Parsing text files using pentaho

Question

I have a large number of text files that I need to load into a database. Instead of being in the more usual csv format they are structured like this:

TY  - JOUR
T1  - On the Structure and Life-History of Entyloma ranunculi (Bonorden)
JF  - Philosophical Transactions of the Royal Society of London. B (1887-1895)
VL  - 178
SP  - 173
EP  - 185
PY  - 1887/01/01/
UR  - http://dx.doi.org/10.1098/rstb.1887.0008
M3  - doi:10.1098/rstb.1887.0008
AU  - Ward, H.
ER  -

Where each line is a different field, field name denoted by the leading characters .

What I would like to do is load each of the lines into a corresponding field in the record. I would like to do this via pentaho, anyone got any idea how to accomplish this. The text input step is set up for csv input.

shawty · Accepted Answer

That text sample looks awfully familiar.....

scurries off to check something

If that text sample is what I think it is "A royal scientific society journal description file" then your not going to be able to write a pentaho script to parse these things.

I've been there, tried it and it was painful, very painful.

Why?

Well a number of things.

First off, the file formats are NOT strictly checked, so you WILL FIND some files that don't have the 2 character ID followed by 2 spaces a dash 1 space and data format lines in them.

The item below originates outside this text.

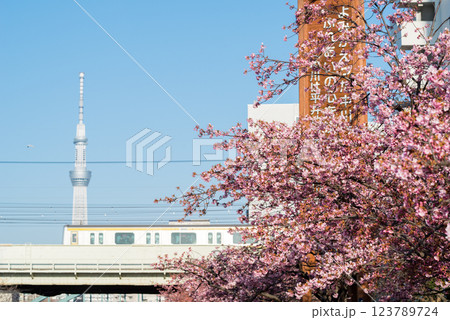 【河津桜】旧中川に咲く早咲きの桜と列車 123789724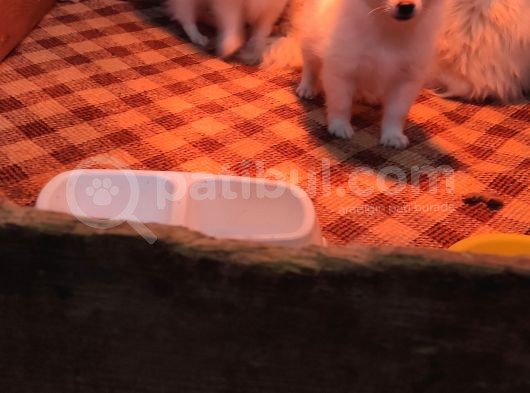 Spi̇tz Pomerani̇an A Kali̇te Bebekler Irk Garanti̇li̇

You'll also find some files that have unparsed LATEX commands in them and / or unprocessed variable substitutions.

In short the files (at least the ones I looked at last time I did anything with these) where in a horrible state.

The other main issue you will have is missing lines.

Every descriptor is supposed to have 11 primary tags as follows:

TY
T1
JF
VL
SP
EP
PY
UR
M3
AU
ER

which from memory are:

TY - Title
T1 - Description
JF - ???
VL - Volume number
SP - Start page
EP - End page
PY - Published Year
UR - Url
M3 - ???
AU - Author name
ER - ???

Frequently you'll find that not all these lines are present, but to make the columns line up in a CSV you still need to add blank entries.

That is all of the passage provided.